=== Begin Enclosure ===

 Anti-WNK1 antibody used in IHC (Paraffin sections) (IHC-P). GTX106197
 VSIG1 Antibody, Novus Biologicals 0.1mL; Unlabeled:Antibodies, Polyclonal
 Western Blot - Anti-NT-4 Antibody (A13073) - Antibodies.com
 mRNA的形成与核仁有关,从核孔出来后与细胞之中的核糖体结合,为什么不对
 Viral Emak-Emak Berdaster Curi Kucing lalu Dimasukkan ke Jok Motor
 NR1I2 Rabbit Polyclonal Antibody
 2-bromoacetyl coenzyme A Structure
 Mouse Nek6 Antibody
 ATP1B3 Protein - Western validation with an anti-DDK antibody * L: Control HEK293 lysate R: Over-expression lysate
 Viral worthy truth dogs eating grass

=== End Enclosure ===
=== Begin Enclosure ===

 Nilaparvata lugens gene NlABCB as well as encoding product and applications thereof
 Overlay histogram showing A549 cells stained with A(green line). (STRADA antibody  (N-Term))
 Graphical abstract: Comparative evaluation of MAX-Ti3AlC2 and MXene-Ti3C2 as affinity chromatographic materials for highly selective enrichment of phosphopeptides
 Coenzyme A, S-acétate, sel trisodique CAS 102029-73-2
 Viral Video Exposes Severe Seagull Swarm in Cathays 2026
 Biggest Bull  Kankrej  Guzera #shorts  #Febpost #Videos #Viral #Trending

=== End Enclosure ===
=== Begin Enclosure ===

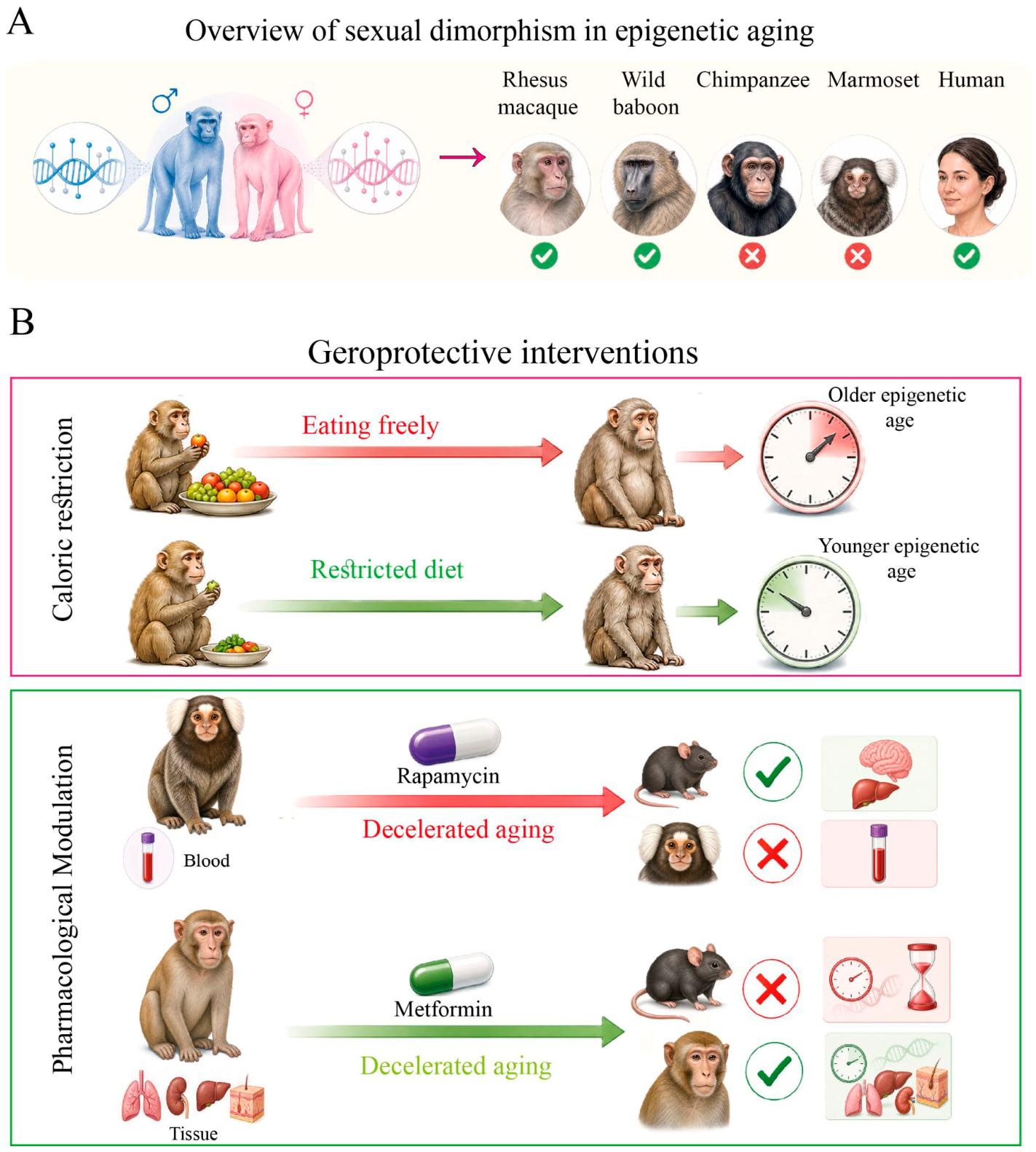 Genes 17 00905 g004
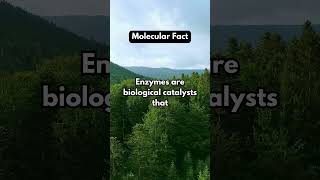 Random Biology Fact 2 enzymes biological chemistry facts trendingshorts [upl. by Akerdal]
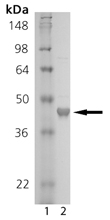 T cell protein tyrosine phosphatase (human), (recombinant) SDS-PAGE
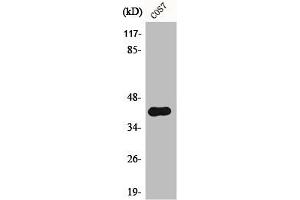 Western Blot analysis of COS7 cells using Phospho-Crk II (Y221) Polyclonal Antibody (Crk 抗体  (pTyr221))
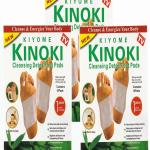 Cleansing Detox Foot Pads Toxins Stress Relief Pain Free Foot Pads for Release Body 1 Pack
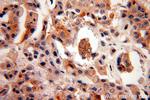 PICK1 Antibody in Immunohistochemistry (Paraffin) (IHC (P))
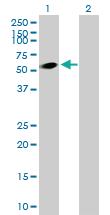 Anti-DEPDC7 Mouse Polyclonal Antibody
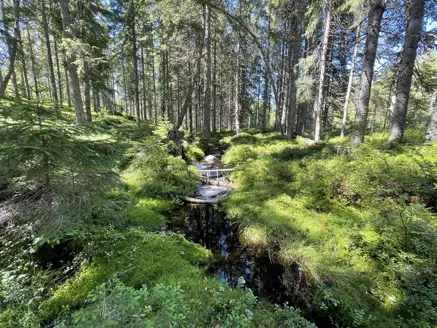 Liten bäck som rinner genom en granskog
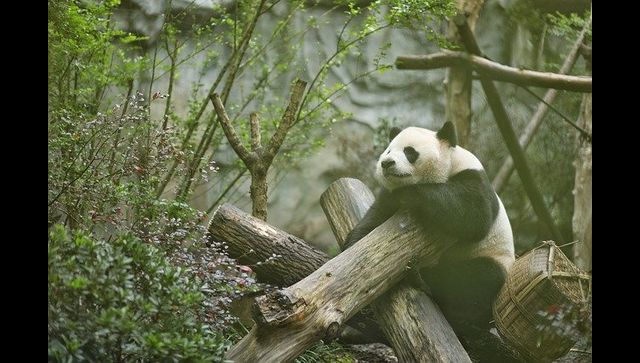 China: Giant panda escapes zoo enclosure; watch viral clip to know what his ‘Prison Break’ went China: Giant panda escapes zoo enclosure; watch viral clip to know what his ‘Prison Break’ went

=== End Enclosure ===

◆ WHAT THE EXERCISE ASKS
Each line of the material that has the word "with" belongs in the answer.

◆ EXERCISE ANSWER
 ATP1B3 Protein - Western validation with an anti-DDK antibody * L: Control HEK293 lysate R: Over-expression lysate
 Overlay histogram showing A549 cells stained with A(green line). (STRADA antibody  (N-Term))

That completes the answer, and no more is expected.